Using a logarithmic transformation can be very helpful for several reasons:

1. Reducing Skewness:
Housing prices are often right-skewed, meaning there are a few extremely high values compared to most homes. Taking the logarithm of SalePrice tends to produce a distribution that is more symmetric and closer to normal. Many modeling techniques work better when the target variable is normally distributed.

2. Stabilizing Variance:
The log transformation helps reduce heteroscedasticity, where the variability of the errors changes with the magnitude of the target variable. With a log-transformed target, the variance tends to be more constant across different levels, making the model’s assumptions more valid.

3. Relative Error Emphasis:
When you predict in the log space, differences are interpreted in relative rather than absolute terms. This means that a given percentage error is treated consistently, regardless of whether the sale price is high or low. For example, a 10% error on a \\$100,000 home is treated similarly to a 10\% error on a \\$1,000,000 home.

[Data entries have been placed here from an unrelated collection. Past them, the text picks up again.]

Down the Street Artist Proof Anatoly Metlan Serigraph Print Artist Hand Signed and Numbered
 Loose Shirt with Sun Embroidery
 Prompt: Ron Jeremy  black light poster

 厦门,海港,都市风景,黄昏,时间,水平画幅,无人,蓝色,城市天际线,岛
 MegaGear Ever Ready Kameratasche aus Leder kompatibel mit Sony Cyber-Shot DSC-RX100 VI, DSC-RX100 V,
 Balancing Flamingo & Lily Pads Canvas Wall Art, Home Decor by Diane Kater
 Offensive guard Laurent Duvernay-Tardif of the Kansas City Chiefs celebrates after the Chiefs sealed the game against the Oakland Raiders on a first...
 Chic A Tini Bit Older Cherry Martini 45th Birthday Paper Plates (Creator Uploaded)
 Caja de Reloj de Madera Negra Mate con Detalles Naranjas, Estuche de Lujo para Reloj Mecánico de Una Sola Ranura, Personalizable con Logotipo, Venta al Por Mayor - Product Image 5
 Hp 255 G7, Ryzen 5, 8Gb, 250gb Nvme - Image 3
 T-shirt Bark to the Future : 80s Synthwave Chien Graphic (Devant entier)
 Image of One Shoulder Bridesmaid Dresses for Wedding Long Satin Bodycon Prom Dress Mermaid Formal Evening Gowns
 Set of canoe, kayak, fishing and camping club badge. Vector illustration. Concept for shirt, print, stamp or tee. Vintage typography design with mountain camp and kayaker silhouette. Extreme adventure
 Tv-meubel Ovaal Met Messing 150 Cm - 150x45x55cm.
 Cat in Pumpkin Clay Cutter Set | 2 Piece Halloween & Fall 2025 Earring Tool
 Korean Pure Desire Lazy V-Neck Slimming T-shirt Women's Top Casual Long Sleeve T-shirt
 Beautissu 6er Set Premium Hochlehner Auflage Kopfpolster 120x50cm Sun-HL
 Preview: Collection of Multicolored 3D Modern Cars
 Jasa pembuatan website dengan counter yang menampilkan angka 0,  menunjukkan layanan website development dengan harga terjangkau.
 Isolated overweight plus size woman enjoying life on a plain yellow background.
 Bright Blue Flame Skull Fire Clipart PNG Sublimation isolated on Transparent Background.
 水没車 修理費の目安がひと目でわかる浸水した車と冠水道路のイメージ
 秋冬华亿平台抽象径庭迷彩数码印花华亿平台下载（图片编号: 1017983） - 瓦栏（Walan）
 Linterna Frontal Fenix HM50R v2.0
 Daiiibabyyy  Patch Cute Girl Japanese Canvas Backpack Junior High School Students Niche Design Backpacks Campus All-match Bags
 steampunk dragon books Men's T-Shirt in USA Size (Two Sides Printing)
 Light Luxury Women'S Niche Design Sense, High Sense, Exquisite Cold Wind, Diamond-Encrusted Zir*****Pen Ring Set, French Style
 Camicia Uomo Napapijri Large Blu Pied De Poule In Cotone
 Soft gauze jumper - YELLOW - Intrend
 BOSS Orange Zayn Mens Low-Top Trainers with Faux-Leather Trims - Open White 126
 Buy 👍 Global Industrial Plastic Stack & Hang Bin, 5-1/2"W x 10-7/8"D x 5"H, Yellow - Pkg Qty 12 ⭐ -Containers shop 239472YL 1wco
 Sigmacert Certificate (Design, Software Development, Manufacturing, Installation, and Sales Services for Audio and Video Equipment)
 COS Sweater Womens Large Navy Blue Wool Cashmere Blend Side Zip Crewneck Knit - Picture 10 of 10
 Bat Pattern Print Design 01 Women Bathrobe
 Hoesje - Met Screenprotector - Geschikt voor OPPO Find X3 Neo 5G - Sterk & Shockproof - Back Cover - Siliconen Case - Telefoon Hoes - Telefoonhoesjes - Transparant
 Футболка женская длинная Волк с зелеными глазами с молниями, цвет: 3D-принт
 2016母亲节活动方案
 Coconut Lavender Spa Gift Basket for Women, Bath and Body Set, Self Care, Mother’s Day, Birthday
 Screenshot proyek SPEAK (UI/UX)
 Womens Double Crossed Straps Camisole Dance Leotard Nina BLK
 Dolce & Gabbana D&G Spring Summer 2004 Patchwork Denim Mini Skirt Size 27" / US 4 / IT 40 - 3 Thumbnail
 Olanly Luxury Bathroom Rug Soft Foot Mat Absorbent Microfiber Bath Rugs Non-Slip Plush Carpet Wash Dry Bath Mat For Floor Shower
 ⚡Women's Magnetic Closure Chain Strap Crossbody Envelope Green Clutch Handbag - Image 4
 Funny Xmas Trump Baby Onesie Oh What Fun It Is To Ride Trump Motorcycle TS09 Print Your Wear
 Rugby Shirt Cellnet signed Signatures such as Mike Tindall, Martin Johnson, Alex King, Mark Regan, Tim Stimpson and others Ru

4. Mitigating the Impact of Outliers:
Since the log transform compresses the range of high values, it reduces the influence of extreme outliers. This can lead to more robust models that aren’t overly swayed by a few high-priced properties.

Note: `np.log1p` is used because it can handle zero values and is defined for all non-negative numbers, ensuring numerical stability.

In [3]:
# Log-transform the target for a better distribution
train["SalePrice"] = np.log1p(train["SalePrice"])

# Combine train and test data for uniform processing
ntrain = train.shape[0]
all_data = pd.concat((train.drop('SalePrice', axis=1), test)).reset_index(drop=True)

# Fill missing values:
# - Numeric: fill with median
# - Categorical: fill with "None"
numeric_feats = all_data.select_dtypes(include=[np.number]).columns
for col in numeric_feats:
    all_data[col].fillna(all_data[col].median(), inplace=True)
categorical_feats = all_data.select_dtypes(include=[object]).columns
for col in categorical_feats:
    all_data[col].fillna("None", inplace=True)

### 2.2 Transform Skewed Numeric Features

In the preprocessing step, we identify numeric features with high skewness (absolute skew greater than 0.75) because highly skewed data can negatively impact the performance of many machine learning models. Skewed data often has outliers or long tails, causing models to be overly sensitive to extreme values.

To reduce skewness, we apply a log transformation (`np.log1p`), which converts the distribution closer to a normal distribution. Specifically:

- First, we calculate skewness for each numeric feature using `scipy.stats.skew`.
- Features with absolute skewness greater than 0.75 are considered highly skewed and targeted for transformation.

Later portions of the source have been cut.